Let $$P_n(x) = \frac{n}{1+n^2x^2}$$.
First, I had to prove that
$$\int_{-\infty}^\infty P_n(x)\ dx = \pi$$
And that for any $\delta > 0$:
$$\lim_{n\to\infty} \int_\delta^\infty P_n(x)\ dx = \lim_{n\to\infty} \int_{-\infty}^{-\delta} P_n(x)\ dx = 0$$
I've done that easily.
Now I need to prove that for $f:\mathbb{R}\to\mathbb{C}$ which is $2\pi$ periodic and continuous and: $$f_n(x) = \frac{1}{\pi} \int_{-\infty}^\infty f(x-t)P_n(t)\ dt$$
$f_n\to f$, uniformly on $\mathbb{R}$.
We learned in class about convolution and about Dirichlet/Fejer kernels. Also, we learned that the trigonometric polynomials, $\{e^{inx}\}_{n\in\mathbb{Z}}$ are a dense set on $C(\mathbb{T})$ and the density is uniform. Meaning, there's a $P_n(x)=\sum c_n e^{inx}$ converges uniformly to $f$ where $f\in C(\mathbb{T})$.
note: $f\in C(\mathbb{T})$ is a continuous and $2\pi$ periodic function (T is for Torus).
To get you started: $$| f_n(x) - f(x)| =\left| (1/\pi) \int_{-\infty}^{\infty} f(x-t) P_{n}(t) \; dt - f(x)\right| = (1/\pi)\left| \int_{-\infty}^{\infty}\left[f(x-t)- f(x)\right] P_n(t) \; dt \right|$$
Now because $f$ is continuous on $\mathbb{T}$ and $2\pi$-periodic, we can essentially deduce its properties by considering its restriction $f_r$ to $[0,4\pi]$. As a continuous function on a compact interval, $f_r$ is bounded and uniformly continuous.

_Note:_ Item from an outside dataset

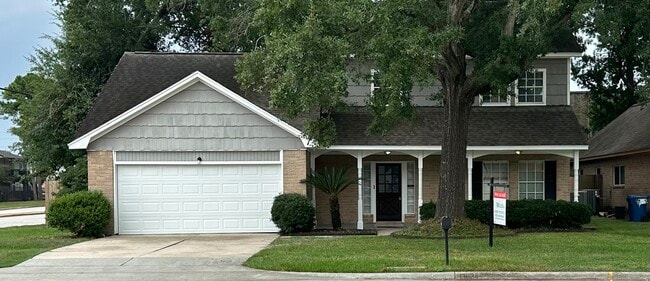 Primary Photo - 13634 Cedar Point Dr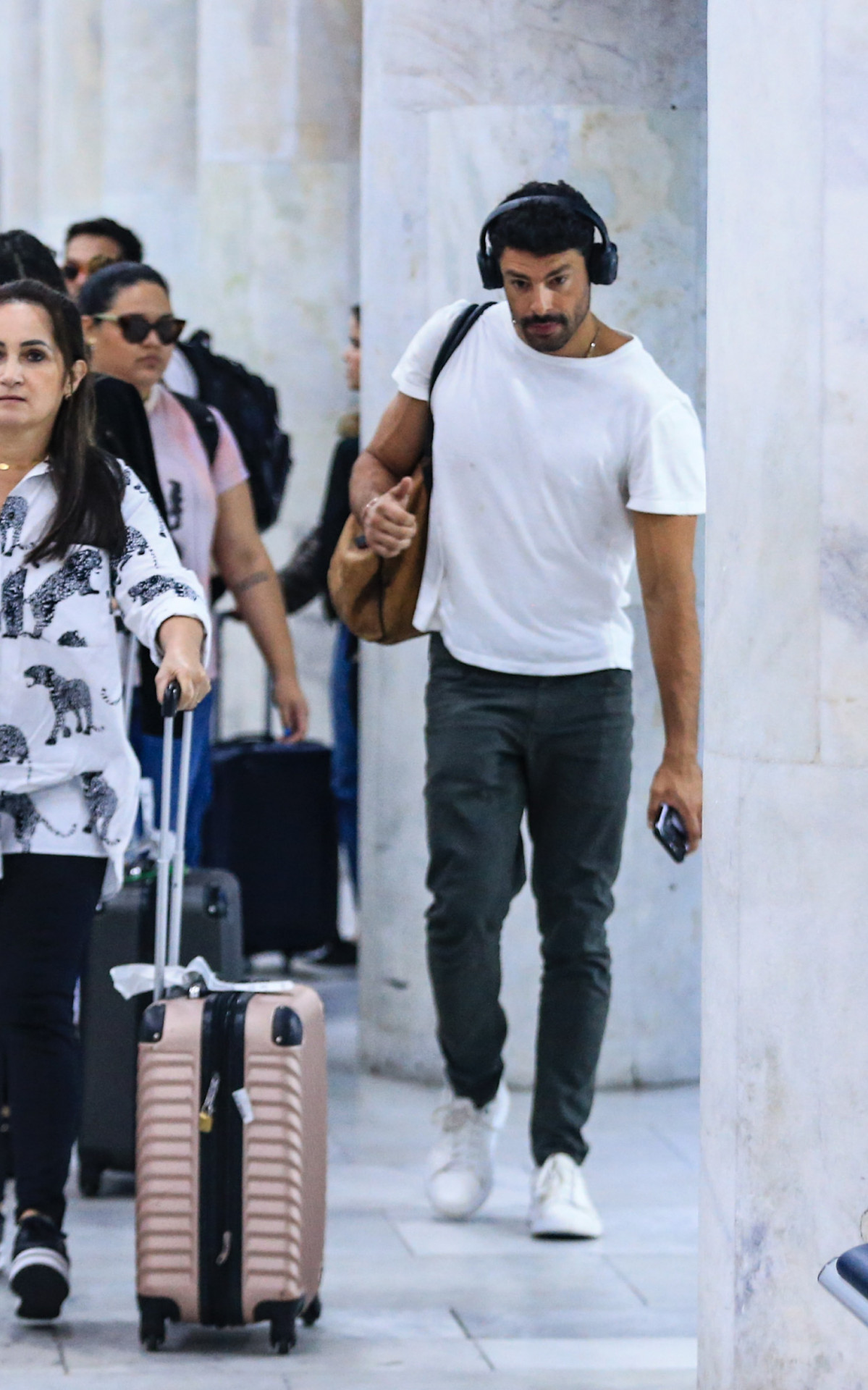 Cauã Reymond desembarcou em aeroporto do Rio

It's not hard to see that these properties carry over to $f$, meaning that $f$ is bounded and uniformly continous on $\mathbb{R}$. This implies that for every $\epsilon > 0$, there is a $\delta > 0$ such that $$|f(x) - f(x-t)| < \epsilon \quad \forall t \in (-\delta,\delta)\forall x\in \mathbb{R}$$ Now, given an $\epsilon > 0$, we can choose $\delta$ accordingly and then split up the integrals giving
$$|f_n(x) - f(x)| \leq (1/\pi)\left[\int_{-\infty}^{-\delta}C\cdot P_{n}(t) \; dt + \int_{-\delta}^{\delta}\epsilon\cdot P_{n}(t) \; dt + \int_{\delta}^{\infty}C\cdot P_{n}(t) \; dt\right]$$
Because of what you've already shown we know the left and right integral converge to $0$ as $n \to \infty$. But the middle integral can be estimated by $\epsilon$, which concludes the proof.